Les jours de poudre jaune, Isabelle Wlodarczyk

Les jours de poudre jaune

Isabelle Wlodarczyk

Éditions Babouche à oreille

Quatrième de couverture

Le camion accélère. On roule, vite, vite, vite. Toujours plus vite.


Mes idées sont confuses. J’essaie de me raccrocher aux images du passé. Elles défilent dans ma tête : une minuscule poupée de chiffon derrière laquelle Manolita tente de se cacher tout entière. Les yeux couleur d’été de mon père, brûlant de révolte. Les perles du chapelet de ma mère autour d’un fil prêt à se rompre. Je m’époumone, mais personne ne m’entend. Une marée humaine déferle sur la ville. Les gens courent dans tous les sens. Des sirènes hurlent dans nos oreilles. Le ciel et la terre s’embrasent. Il tonne des tirs affolés.


À quelques rues de l’église, j’aperçois le grand cheval de mes parents. Pendant un instant, je crois rêver. Je frotte mes yeux, encore et encore, et je ne me trompe pas. C’est bien eux. Papa, maman, Manolita, Alexandrine, mes grands-parents, mon oncle et ma tante. Ils ont fait halte au bord de la route. Je crie leurs noms :
— Maman ! Papa ! C’est moi, Paquita ! Je suis là ! Ne partez pas sans moi !

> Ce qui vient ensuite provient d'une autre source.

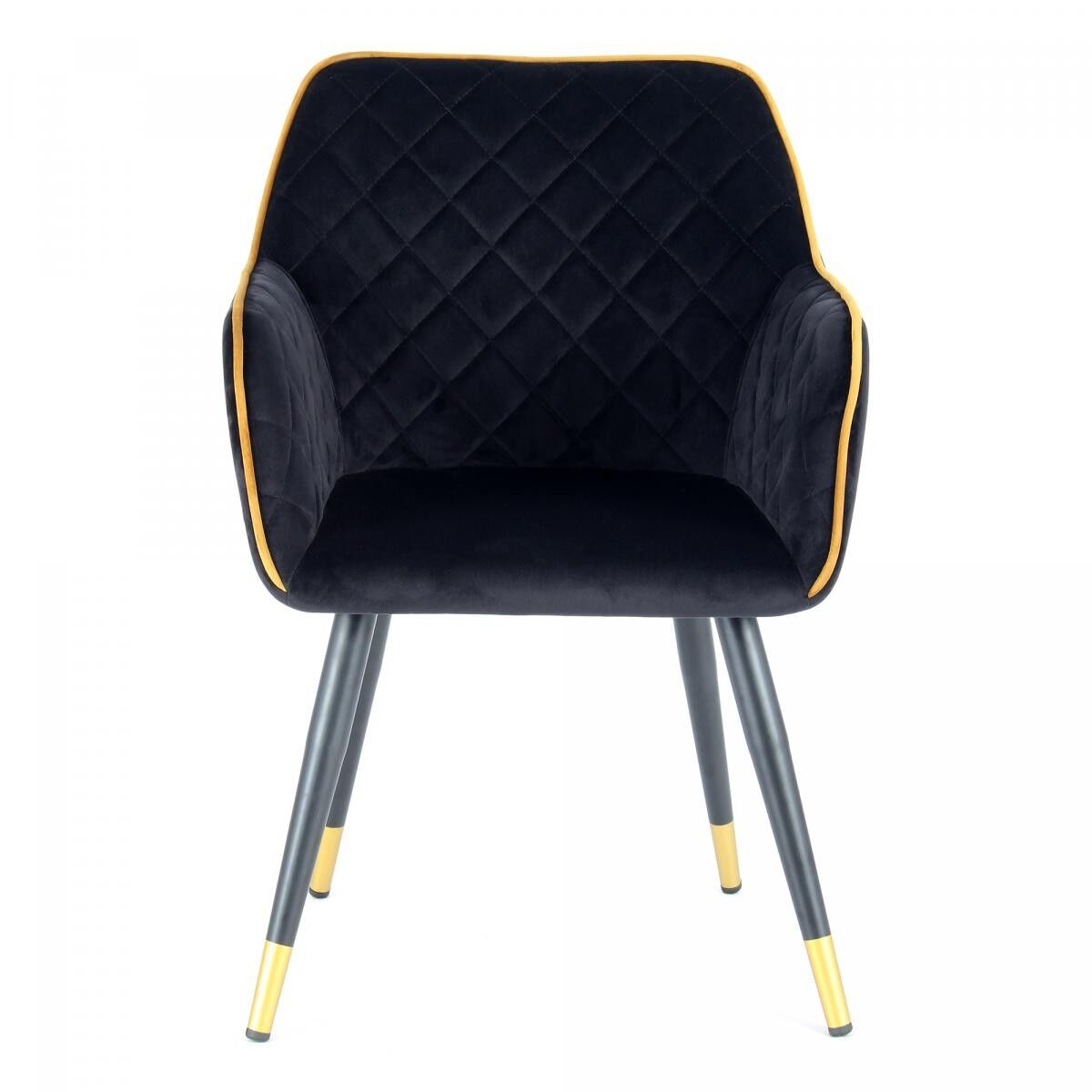 HODA halbhandgefertigter Sessel 61x58,8x86 Gold und Schwarz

En pleine guerre civile, la jeune Paquita et le reste de sa famille doivent fuir l’Espagne. Commence alors un long voyage dans l’inconnu.

Mon avis

Paquita est une petite fille de onze ans. Elle vit en Espagne, à Amposta. Dès sa conception, elle a appris à se cacher. D’abord, dans le ventre maternel, puis pendant les deux premières années de sa vie : son existence a été dissimulée aux parents de sa mère. Elle est le fruit de Francisca qui a reçu une éducation catholique et d’Antonio, un anarchiste. Elle grandit sous le franquisme, avec la peur que son père soit arrêté. Un jour, ce dernier annonce à ses trois filles et à sa femme qu’il faut partir. Chacune a peu de temps pour prendre ce qui est important pour elle. Commence alors la route de l’exil. « Dans cette tragique file indienne, les silences disent plus que les mots. » (p. 37) Les bombardements, l’épuisement, la faim, le froid et la peur accompagnent la famille, puis vient la séparation. Paquita est confiée à une colonie, dans l’espoir qu’elle mange à sa faim. Paquita ne dit rien, elle obéit. Quand reverra-t-elle ses petites sœurs, Alexandrine et Manolita ? Ses parents et ses grands-parents ?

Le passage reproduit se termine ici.